Task objective: Read the lines below, and copy any that contain the string "Marine".
--- Records for this exercise Enclosed Below ---
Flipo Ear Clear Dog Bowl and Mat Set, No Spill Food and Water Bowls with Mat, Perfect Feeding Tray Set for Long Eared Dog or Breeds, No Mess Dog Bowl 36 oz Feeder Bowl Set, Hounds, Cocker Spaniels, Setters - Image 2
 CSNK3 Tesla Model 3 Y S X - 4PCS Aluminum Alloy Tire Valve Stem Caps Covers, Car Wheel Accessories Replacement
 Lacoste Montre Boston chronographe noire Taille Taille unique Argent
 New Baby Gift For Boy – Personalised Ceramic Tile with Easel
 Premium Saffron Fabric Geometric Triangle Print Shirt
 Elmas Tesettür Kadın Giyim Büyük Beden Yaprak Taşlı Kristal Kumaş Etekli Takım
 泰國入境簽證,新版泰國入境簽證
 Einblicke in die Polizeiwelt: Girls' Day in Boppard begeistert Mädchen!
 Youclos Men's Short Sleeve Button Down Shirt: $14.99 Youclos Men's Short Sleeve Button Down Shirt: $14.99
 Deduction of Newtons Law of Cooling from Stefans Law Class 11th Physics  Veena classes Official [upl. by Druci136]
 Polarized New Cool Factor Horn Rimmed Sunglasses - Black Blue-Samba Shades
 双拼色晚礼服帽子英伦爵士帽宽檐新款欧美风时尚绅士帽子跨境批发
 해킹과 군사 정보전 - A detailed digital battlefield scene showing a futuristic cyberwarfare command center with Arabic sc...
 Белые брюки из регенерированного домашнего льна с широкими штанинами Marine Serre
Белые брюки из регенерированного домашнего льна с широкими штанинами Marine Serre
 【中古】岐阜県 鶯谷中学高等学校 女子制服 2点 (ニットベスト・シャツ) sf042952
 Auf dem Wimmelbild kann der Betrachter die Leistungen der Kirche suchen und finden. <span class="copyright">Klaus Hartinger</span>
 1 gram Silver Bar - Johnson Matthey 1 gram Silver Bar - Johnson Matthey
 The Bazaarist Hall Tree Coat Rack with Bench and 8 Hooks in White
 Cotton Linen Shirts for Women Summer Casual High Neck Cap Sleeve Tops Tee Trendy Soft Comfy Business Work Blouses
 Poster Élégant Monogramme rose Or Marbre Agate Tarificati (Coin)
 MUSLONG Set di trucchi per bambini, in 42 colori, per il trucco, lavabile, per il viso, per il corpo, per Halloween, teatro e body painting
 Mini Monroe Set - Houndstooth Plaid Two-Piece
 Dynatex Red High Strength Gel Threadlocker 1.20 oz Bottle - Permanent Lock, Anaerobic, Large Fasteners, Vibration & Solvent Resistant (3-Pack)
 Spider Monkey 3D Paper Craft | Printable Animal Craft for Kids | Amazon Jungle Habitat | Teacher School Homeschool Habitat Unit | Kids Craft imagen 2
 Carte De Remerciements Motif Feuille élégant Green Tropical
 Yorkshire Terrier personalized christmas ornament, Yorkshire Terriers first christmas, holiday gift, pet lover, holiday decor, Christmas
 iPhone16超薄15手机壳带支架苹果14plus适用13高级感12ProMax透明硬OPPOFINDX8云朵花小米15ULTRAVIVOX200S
--- End of Enclosed Records for this exercise ---
Task solution:
 Белые брюки из регенерированного домашнего льна с широкими штанинами Marine Serre
Белые брюки из регенерированного домашнего льна с широкими штанинами Marine Serre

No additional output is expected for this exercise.